President Obama has made passing a new healthcare reform bill his major political focus for months now, and it appears that the results of his efforts may be known this week. Democratic leaders in the House are attempting to secure the needed votes to pass a version of a healthcare reform bill by the weekend. If the legislation gets through the House, it could be passed by a simple majority vote in the Senate under the reconciliation process and be on its way to becoming law. Obama has signaled the importance of this week's actions relating to healthcare by delaying a planned overseas trip.
It is difficult to determine how much of Obama's overall approval ratings may reflect the public's reaction to his strong focus on healthcare reform.
Although Obama's current weekly average is tied for the lowest of his presidency, it is only a point or two below where it has been for months. Obama's three-day averages (reported daily on Gallup.com) have also operated in a fairly narrow range over the last 3 ½ months, ranging from 53% at several points in December and February to 46% at two points last week.
Additionally, separate Gallup research shows that Obama retains higher trust ratings on healthcare reform matters than do either Democratic or Republican leaders in Congress.
A complete in-depth look at Obama's job approval ratings, including Gallup's history of tracking presidential approval going back to the 1940s, plus detailed comparisons of Obama's ratings with ratings of all previous presidents at this point in their administrations, are available in Gallup's new Presidential Job Approval Center.

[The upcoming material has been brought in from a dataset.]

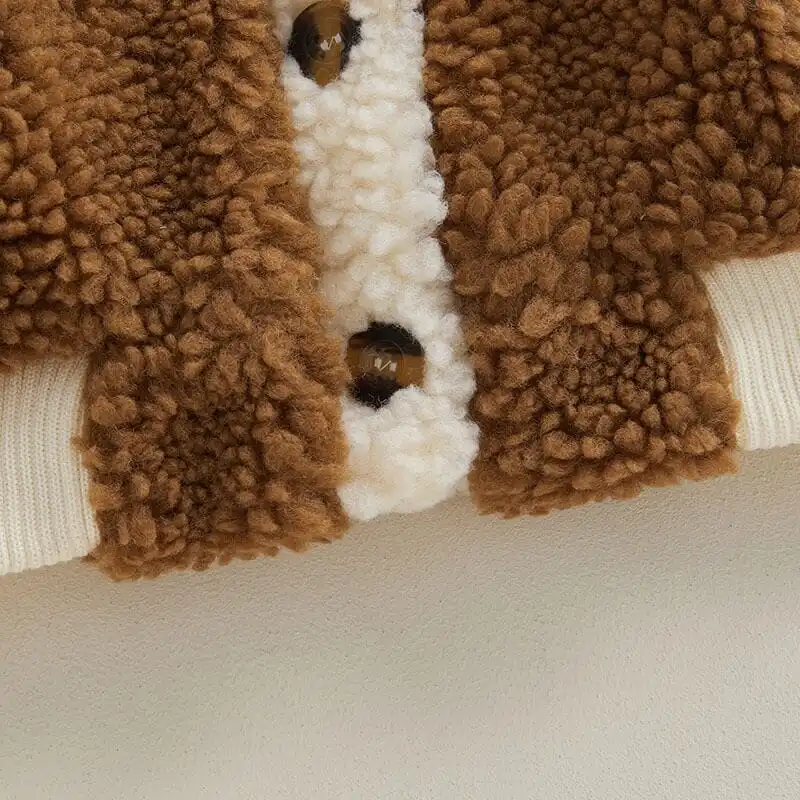 Fluffy Buttons Toddler Jacket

Obama Reaches New Low Among Republicans
The 12% approval rating for Obama among Republicans last week is down two points from the 14% of the previous week to the lowest Republican rating of his administration so far.
Obama's approval rating among Democrats is up a point from last week but is similar overall to what Gallup has measured among the president's own partisans for months. Since December, Obama's highest weekly average among Democrats has been 86% and his lowest 81%.

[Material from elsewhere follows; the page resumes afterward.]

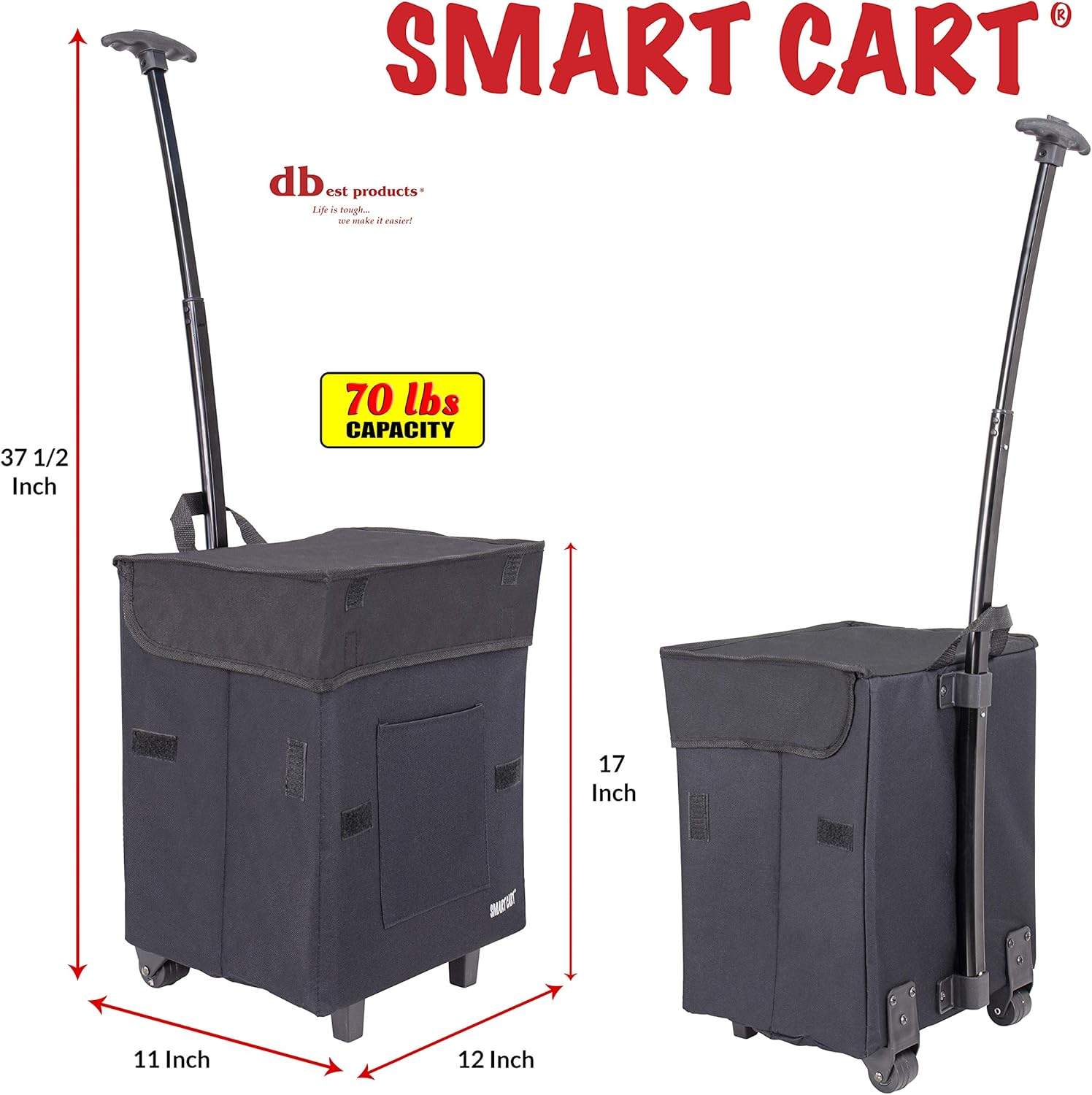 Dbest Products Smart Cart Rolling Multipurpose Collapsible Basket Scrapbooking Blackout image number 3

Obama's rating among independents last week was 44%, not significantly different from previous weeks.
Gender Gap Widens
Obama received a 43% approval rating among men last week, by 2 points his lowest weekly average among men to date. Obama's 52% approval among women is up by a point from last week, but is generally similar to ratings among women in previous months. The current 9-point gender gap (weekly approval average among women minus the average among men) is slightly above the 6-point average weekly gender gap Gallup has measured since Obama took office, but is not a new high -- the gap was 10 and 11 points on several occasions last year.
Although President Obama's latest weekly job approval rating is technically tied for the lowest of his administration, it remains roughly in line with where it has been in recent months, and his approval rating remains slightly higher than his disapproval rating (45% last week).
This is a good news/bad news situation for the president. His ratings have not taken a dramatic hit as he has increased his involvement in the contentious battle over healthcare reform. At the same time, Obama would no doubt prefer to have solid majority approval ratings as the platform from which he makes his final push for passage of his healthcare bill.
Whatever Obama's approval ratings, the president remains more trusted on healthcare reform than either the Democratic or Republican leaders in Congress, and his 48% approval rating is well above the current 16% congressional job approval rating.
Results are based on telephone interviews with a random sample of 3,596 national adults, aged 18 and older, conducted March 8-14, 2010, as part of Gallup Daily tracking. For results based on the total sample of national adults, one can say with 95% confidence that the maximum margin of sampling error is ±2 percentage points.
Interviews are conducted with respondents on land-line telephones and cellular phones.
In addition to sampling error, question wording and practical difficulties in conducting surveys can introduce error or bias into the findings of public opinion polls.